One cause for decline is that it’s just more difficult for SIPP providers to turn a profit in the current low interest rate environment that they operate in. But many financial institutions, other than SIPP providers, are affected by low rates. What is specific to the SIPP providers decline in numbers is what is happening on the ground, or more accurately in the courts and at the Financial Services Compensation Scheme (FSCS). With levies going up, litigation risk increasing and profits being squeezed, many SIPP providers are getting very worried about their future.
Developments at the FSCS ad FOS
Last year, the FSCS introduced a supplementary levy of £36 million (2016/17) to cover the increasing number of payments related to SIPPs. Over £105 million was paid out during this period, up 35% on the previous year). This year the FSCS has announced a further levy of £24 million for 2017/18 for SIPP claims. The problem doesn’t seem to be going away.
Things are also spilling over from the FSCS into FOS (Financial Ombudsman Service). From the latest quarterly FOS report for the three months to December 2017, 546 complaints were made to the FOS about SIPPs leading to a 54% uphold rate. Only payday loans (56%) and instalment loans (63%) reported higher uphold rates than this. Furthermore, for the 9 months (Apr–Dec 2017) FOS opened a total of 1,575 SIPP complaints which is more than the whole of the previous year (1,493) another worrying trend for both SIPP advisers and providers.

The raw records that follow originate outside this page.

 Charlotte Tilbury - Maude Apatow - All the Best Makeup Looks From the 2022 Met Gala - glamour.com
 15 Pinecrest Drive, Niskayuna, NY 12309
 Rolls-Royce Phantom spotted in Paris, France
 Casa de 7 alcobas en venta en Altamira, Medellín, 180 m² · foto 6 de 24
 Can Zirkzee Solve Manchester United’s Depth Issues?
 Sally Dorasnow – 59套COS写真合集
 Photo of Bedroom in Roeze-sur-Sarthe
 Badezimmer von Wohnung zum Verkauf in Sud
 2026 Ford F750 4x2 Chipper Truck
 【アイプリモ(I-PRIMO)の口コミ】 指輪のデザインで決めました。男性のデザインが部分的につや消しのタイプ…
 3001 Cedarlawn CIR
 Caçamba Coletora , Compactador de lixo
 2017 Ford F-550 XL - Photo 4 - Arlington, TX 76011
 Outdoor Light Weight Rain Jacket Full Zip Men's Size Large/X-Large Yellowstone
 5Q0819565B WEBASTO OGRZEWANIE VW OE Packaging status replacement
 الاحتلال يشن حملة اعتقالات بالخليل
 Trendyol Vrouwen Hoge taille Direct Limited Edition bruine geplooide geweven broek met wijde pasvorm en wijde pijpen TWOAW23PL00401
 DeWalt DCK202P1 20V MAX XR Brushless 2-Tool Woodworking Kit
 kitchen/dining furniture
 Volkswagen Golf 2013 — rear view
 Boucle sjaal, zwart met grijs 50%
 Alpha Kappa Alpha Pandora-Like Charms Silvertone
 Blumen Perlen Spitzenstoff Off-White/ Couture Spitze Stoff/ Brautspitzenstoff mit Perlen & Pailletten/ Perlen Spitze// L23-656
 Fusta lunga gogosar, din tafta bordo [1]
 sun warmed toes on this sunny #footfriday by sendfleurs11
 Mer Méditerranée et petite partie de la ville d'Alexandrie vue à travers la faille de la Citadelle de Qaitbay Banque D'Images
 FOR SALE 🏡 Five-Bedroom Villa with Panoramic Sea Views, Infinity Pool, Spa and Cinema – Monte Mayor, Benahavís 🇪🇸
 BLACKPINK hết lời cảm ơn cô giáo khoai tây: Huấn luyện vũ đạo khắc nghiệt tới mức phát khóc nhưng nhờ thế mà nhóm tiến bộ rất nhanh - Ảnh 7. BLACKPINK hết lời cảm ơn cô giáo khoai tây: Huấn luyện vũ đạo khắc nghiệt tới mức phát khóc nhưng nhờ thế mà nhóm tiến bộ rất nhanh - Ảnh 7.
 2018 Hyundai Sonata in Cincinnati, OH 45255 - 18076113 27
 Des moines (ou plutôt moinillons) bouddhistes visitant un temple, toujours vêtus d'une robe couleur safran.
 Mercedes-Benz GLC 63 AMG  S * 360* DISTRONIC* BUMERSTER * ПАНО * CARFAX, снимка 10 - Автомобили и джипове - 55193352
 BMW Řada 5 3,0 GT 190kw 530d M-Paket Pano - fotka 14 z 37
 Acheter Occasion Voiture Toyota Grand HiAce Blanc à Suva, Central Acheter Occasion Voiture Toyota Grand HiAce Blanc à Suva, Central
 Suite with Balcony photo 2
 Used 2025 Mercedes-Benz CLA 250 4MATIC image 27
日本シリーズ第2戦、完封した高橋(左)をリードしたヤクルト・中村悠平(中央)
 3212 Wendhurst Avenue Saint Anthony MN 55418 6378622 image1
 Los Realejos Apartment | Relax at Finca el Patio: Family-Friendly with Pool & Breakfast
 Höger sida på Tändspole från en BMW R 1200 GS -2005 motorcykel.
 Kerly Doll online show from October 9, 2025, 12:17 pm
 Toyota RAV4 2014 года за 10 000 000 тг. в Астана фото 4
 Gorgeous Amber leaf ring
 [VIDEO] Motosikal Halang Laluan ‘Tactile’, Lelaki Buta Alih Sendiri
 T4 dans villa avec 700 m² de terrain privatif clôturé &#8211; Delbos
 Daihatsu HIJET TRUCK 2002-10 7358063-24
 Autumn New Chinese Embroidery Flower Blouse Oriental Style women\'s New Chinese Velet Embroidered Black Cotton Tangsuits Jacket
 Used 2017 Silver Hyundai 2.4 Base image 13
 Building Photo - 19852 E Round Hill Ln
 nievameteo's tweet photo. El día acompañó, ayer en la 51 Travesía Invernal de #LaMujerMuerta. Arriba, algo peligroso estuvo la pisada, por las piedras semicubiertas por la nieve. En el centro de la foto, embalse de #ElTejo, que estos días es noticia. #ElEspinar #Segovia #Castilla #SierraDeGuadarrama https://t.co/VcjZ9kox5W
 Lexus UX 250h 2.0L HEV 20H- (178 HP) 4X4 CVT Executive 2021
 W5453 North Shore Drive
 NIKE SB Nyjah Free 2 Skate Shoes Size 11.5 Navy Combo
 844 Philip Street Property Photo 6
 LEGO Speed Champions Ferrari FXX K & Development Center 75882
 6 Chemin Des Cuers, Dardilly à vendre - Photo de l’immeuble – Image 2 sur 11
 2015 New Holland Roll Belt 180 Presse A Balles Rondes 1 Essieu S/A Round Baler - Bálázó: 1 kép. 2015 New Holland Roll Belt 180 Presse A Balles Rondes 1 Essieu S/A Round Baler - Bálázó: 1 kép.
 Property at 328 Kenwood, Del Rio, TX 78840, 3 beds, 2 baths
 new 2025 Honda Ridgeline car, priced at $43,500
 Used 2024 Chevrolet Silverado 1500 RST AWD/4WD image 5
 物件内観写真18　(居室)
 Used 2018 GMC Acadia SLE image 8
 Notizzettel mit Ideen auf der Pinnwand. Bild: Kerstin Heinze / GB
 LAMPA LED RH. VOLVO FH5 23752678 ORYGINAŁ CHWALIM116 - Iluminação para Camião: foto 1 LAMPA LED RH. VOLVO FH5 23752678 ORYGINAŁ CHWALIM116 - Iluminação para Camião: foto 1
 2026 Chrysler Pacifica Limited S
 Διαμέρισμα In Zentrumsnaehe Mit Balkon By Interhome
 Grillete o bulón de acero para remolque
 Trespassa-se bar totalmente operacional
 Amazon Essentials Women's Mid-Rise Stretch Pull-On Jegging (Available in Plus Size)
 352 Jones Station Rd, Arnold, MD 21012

Complaints against SIPP providers!
But it’s not just about the increasing number of complaints hitting the FSCS and FOS. It’s also about the nature of those complaints. In the past the complaints were related to advice and aimed against advisers. Now the focus is turning to the SIPP providers themselves. Historically their standard patter has been that if people have lost money in their SIPPs due to poor investment decisions, then it’s a matter between the individual and the financial adviser to sort the problem out. The SIPP provider was merely there to ‘administer’ the scheme. That line is no longer holding, at least at the FSCS. The FSCS recently declared three SIPP firms in default (Brooklands Trustees, Stadia Trustees and Montpelier Pension Administration Services). This ruling is expected to result in £34 million being paid out in claims.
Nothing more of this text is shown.